And the penalties under these statutes can be quite severe — ten years imprisonment in Florida or North Carolina. Georgia, South Carolina, and other states impose criminal penalties upon anyone issuing a license to a miscegenetic couple or performing their marriage ceremony. Virginia levies a fine on anyone performing such a marriage ceremony “of which the informer shall have one half.” Because these laws make the proscribed marriages void, a spouse may be prevented from inheriting from his or her mate by other heirs who prove the forbidden interracial nature of the marriage; spouses have even lost the right to workmen’s compensation benefits otherwise payable. In many states, children of such marriages are declared illegitimate and are thereby prevented from inheriting under intestacy laws.

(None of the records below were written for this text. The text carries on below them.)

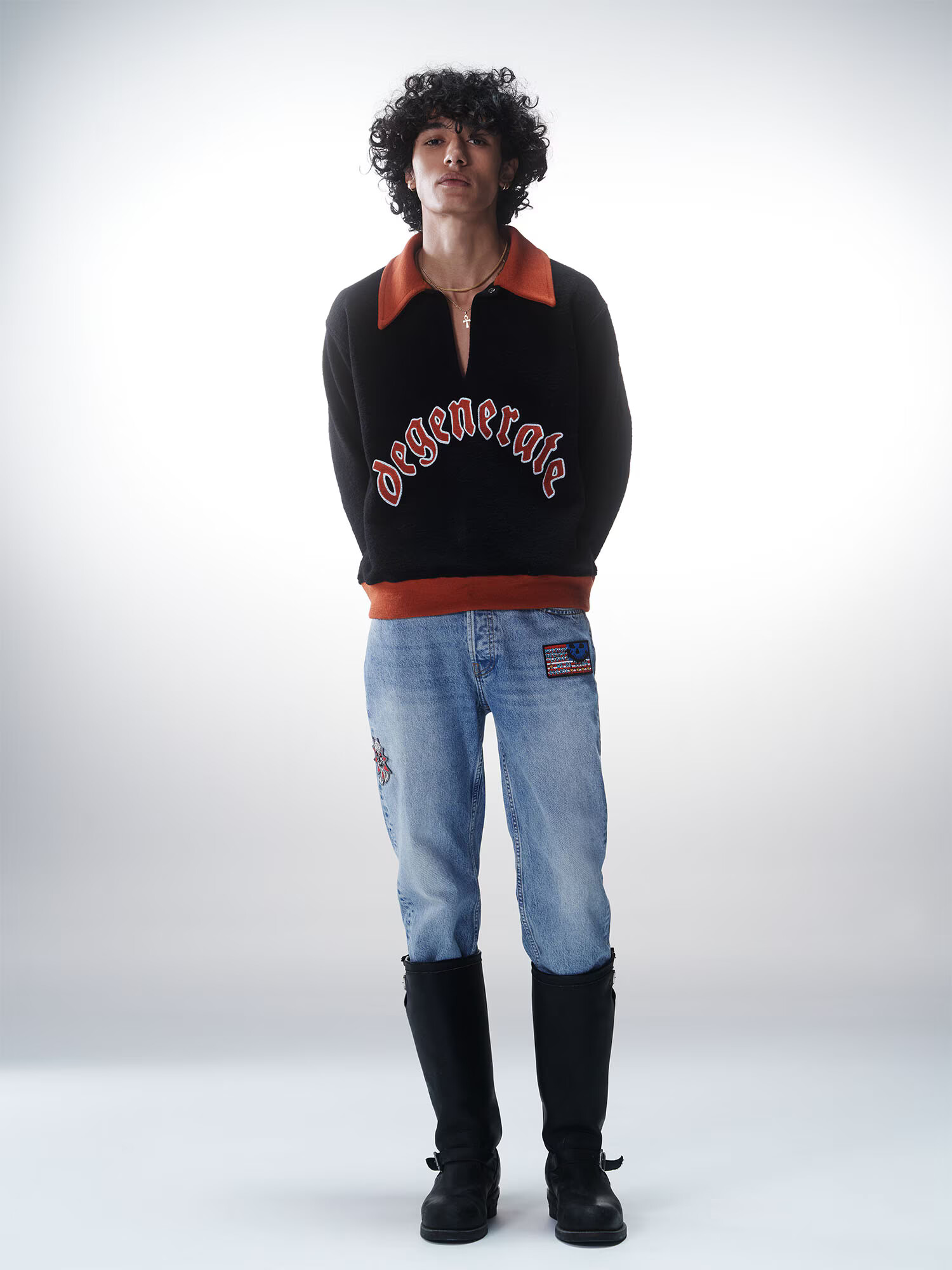 Luka Sabbat for ABOUT YOU Sveter 'Ivan' námornícka modrá / homárová / biela - Pepit.sk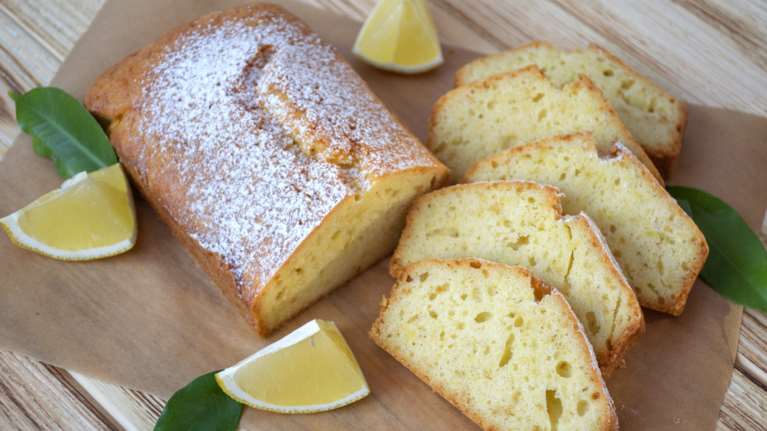 Νηστίσιμο κέικ λεμονιού με γλάσο ζάχαρης, χωρίς μίξερ - Αφράτο και πεντανόστιμο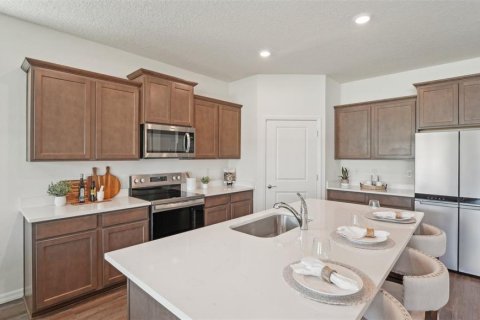 Villa ou maison à vendre à Zephyrhills, Floride: 4 chambres, 188.96 m2 № 1614066 - photo 12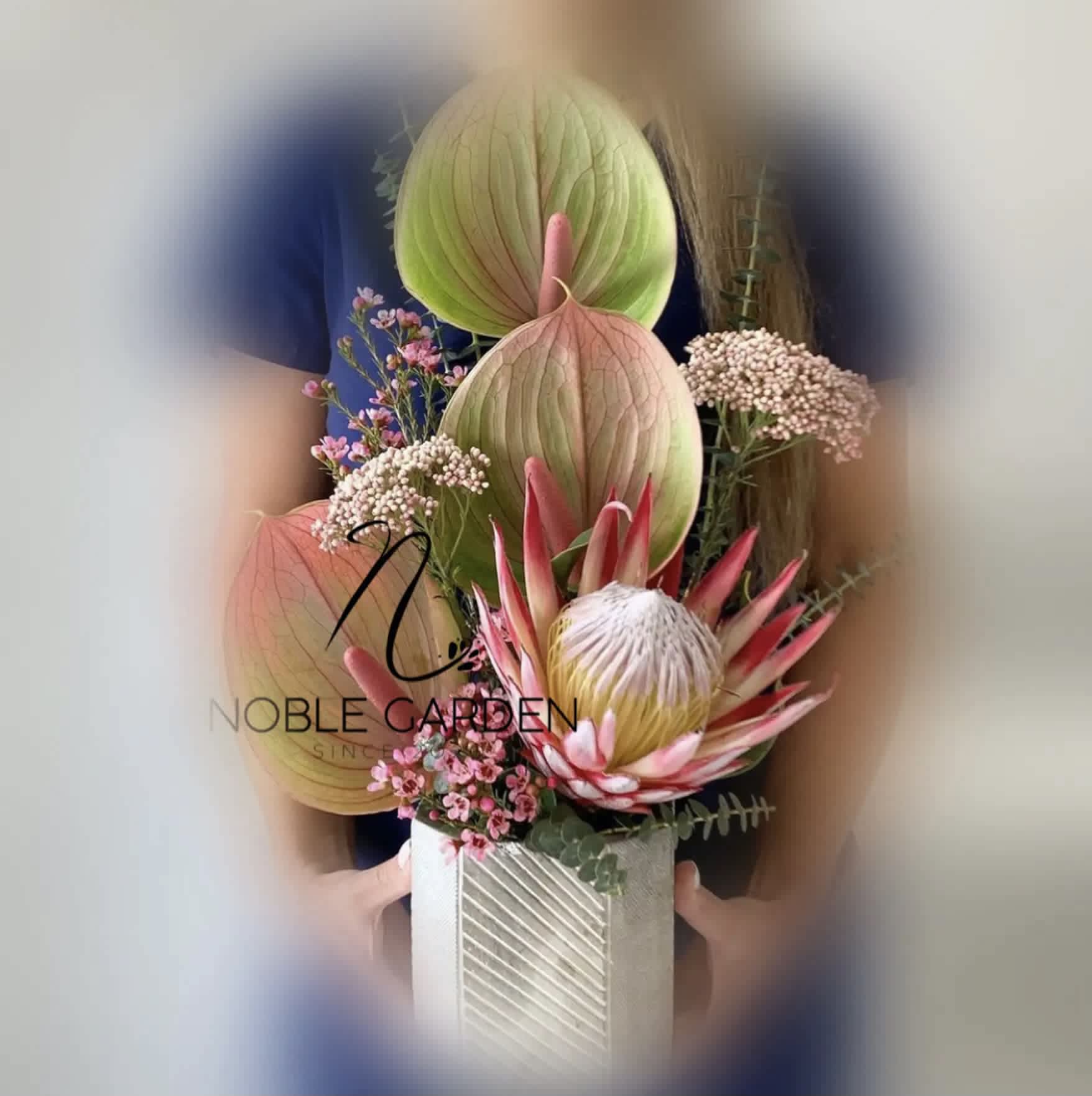 Tropical flower special - Standard- Your order will be arranged approximately as shown on our website. 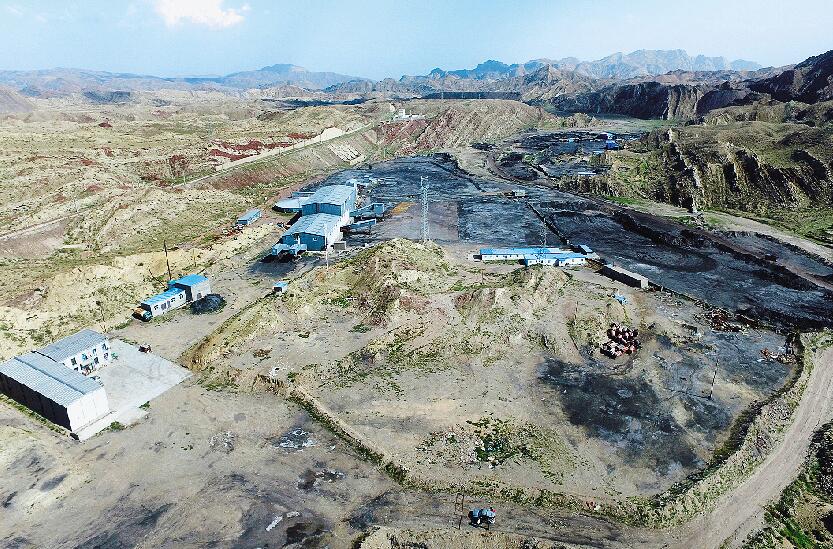 贺兰山一区域治理前后对比图1.jpg
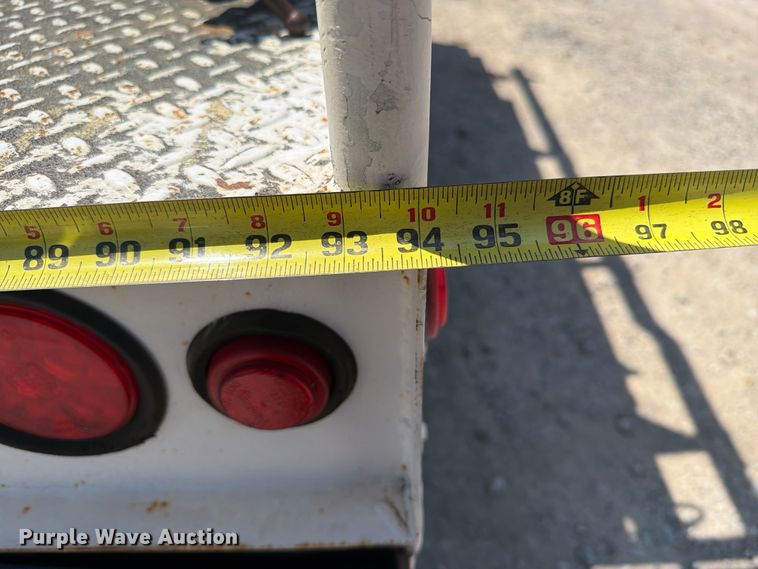 image for item FI0352 2008 Dodge 5500 bucket truck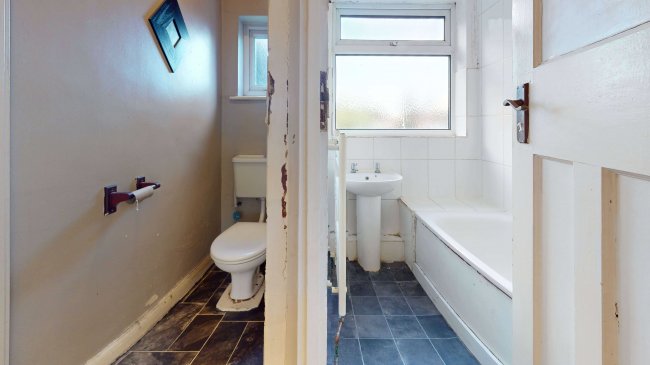 7 Huxley Gardens, Park Royal, London, NW10 7EB 4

Mississippi, not surpassed in its crusade to maintain segregation, has a unique law supplementing its ban on interracial marriage, making a crime the publication for “general information, arguments or suggestions in favor of social equality or of intermarriage between whites and Negroes,” and punishing the violator by imprisonment or fine or both. This law could be invoked against me for writing this article, or the Atlantic Monthly for printing it.
The rule voiding miscegenetic marriages creates another disturbing problem. A mixed couple legally marries in a state where their marriage is valid, and later, quite innocently, enters a state with a miscegenation statute. This couple would be subject to criminal prosecution for miscegenation, fornication, or cohabitation in the state which will not recognize the validity of their marriage even though it was valid where celebrated. Delaware, Louisiana, Mississippi, Tennessee, and Texas actually declare such marriages invalid by statute.
Is it not alarming to know that in 1965 the new U.S. congresswoman from Hawaii, who is of Japanese descent, and her Caucasian husband could be criminally prosecuted under Virginia law if they were to reside there while Congress is in session? These laws are completely contrary to the undeniable trend in this country to ensure Negroes equality under the law. They continue to exist even though the Fourteenth Amendment was intended to eliminate racial discrimination fostered by state legislation. Yet, surprisingly, fifteen state supreme courts and several lower federal tribunals have upheld these laws. Only the Alabama Supreme Court in 1872 (which reversed itself in 1877) and the California Supreme Court in 1948 have declared miscegenation statutes unconstitutional.
WHAT are the legal issues? How does a state justify making a marriage between two competent, consenting adults a crime solely because one is Negro and the other white?
Some decisions without any reasoning sanction the statutes simply by referring to “laws” of nature or of God which interdict amalgamation of the races. In an early decision, the Missouri Supreme Court approved a miscegenation law because of the “well authenticated fact” that the issue of miscegenetic marriages “cannot possibly have any progeny and such a fact sufficiently justifies those laws which forbid the intermarriage of blacks and whites. . . .” This “fact” is pure fiction.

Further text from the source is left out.